FiSh’s Diary: 500 Days and More…


***

MCO: 18.03.2020 - 03.05.2020 (47 days)
CMCO: 04.05.2020 - 09.06.2020 (37 days)
RMCO: 10.06.2020 - 13.10.2020 (126 days)
CMCO: 14.10.2020 - 12.01.2021 (91 days)
MCO 2.0: 13.01.2021 - 04.03.2021 (51 days)
CMCO 2.0: 05.03.2021 - 06.05.2021 (63 days)
MCO 3.0: 07.05.2021 - 31.05.2021 (25 days)
FMCO: 01.06.2021 - 02.07.2021 (32 days)
EMCO: 03.07.2021 - 16.07.2021 (14 days)
National Recovery Plan Phase 1: 17.07.2021 until further notice

***

I don't know where to start.
This is not my usual quarterly or yearly update.
Just wanted to pen down the mixed feelings I have been bottling up in my heart.

So it feels like it has been forever since the implementation of MCO. We have all been walking along the dark tunnel, hoping to see some lights at the end of the tunnel, thinking that we are going the right direction. Now that it seems the path in front of us is getting dimmer and we are nowhere near the end point. After 500 days of fight, we are tired. The struggle is real.

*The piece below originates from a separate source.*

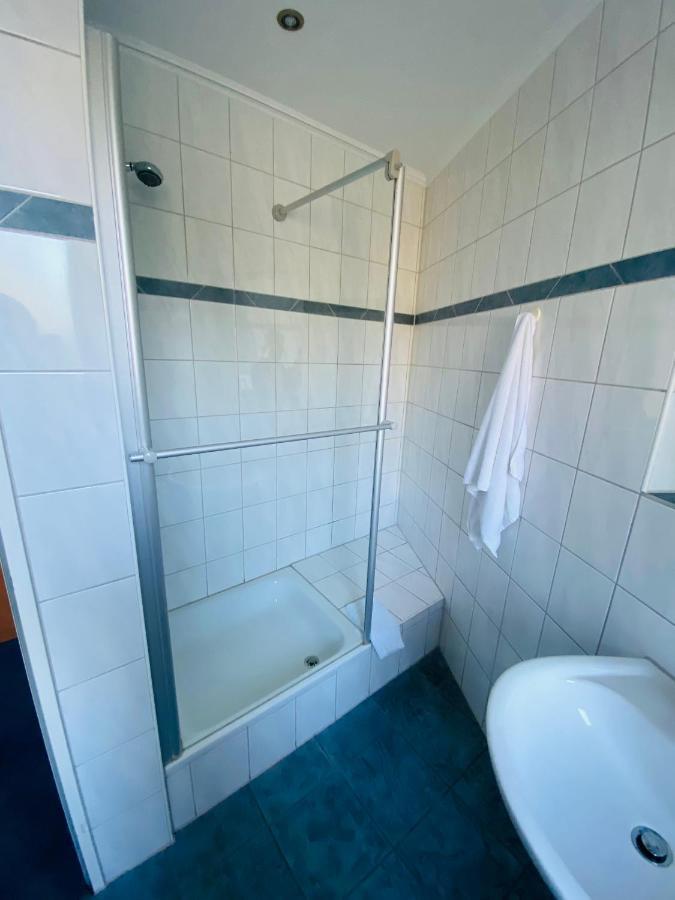 Hotel Montan Дуйсбург Екстериор снимка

The bright side of me has been telling myself:

Look how blessed you are,
Your family and you are safe and healthy,
You have a job, you have a constant stream of income,
You are free from monetary worries and relationship abuse.
You are way luckier than many people out there.

Yes, indeed. I am thankful. Really.
But this self-healing therapy session is not enough.

❤ ❤ 

Personally, I have been feeling really lethargic these days. Waking up feeling sleepy every morning, being unable to focus over an extended period of time, jumping into the habit of snacking and almost stress-eating, feeling low in energy during midday, yet opening my eyes wide when it comes to bedtime. Such a feeling of lethargy is not something that sleep can cure. It has already gone beyond "get-your-sleep-and-you-will-feel-better-tomorrow". Almost every other night I dream about work - a subconscious reflection of the unlimited expectations built around me. 

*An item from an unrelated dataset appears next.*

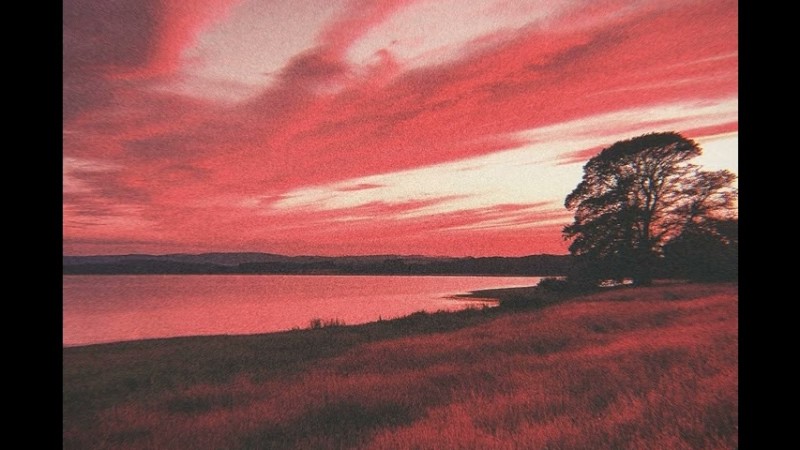 Sunbyonic - Statuette Of A Ballerina (Day Of Life) Edit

I start to have the thirst for a sense of accomplishment to fill up that "empty space" everyday, to keep life meaningful rather than living a day after another without knowing the purpose of the next day.

The domino effect in the society is real. The country's bearish economy would mean slow businesses, and that in turn makes people even hungry for money and opportunities. The pressure from these businessmen is then passed on to slaves like myself, where we are expected to put in extra hours to churn out more money or to merely keep the businesses afloat.

The already blurred line between work and leisure hours is almost vanishing. People are constantly sticking their face in front of the laptops, and phone calls can happen at any hour, any day as they wish. It is explicitly mentioned that there should be a cut-off time set everyday, so we can respect each other's personal time. But it is also of our unspoken understanding that there is no daily cut-off time as promised. If everyone could practise some respect and care, we could imagine how our little effort would save others from falling into the pit of burnouts. 

Well, sometimes, I enjoy working past midnight, but only on things that I love. I love how clients tell me, "We love your photos. Thank you for putting that extra effort to do this" - that really warms my heart and keeps me going. Thank you for showing me some love and appreciation because that means alot to me :)
 
A weekend well spent is probably a baking day! 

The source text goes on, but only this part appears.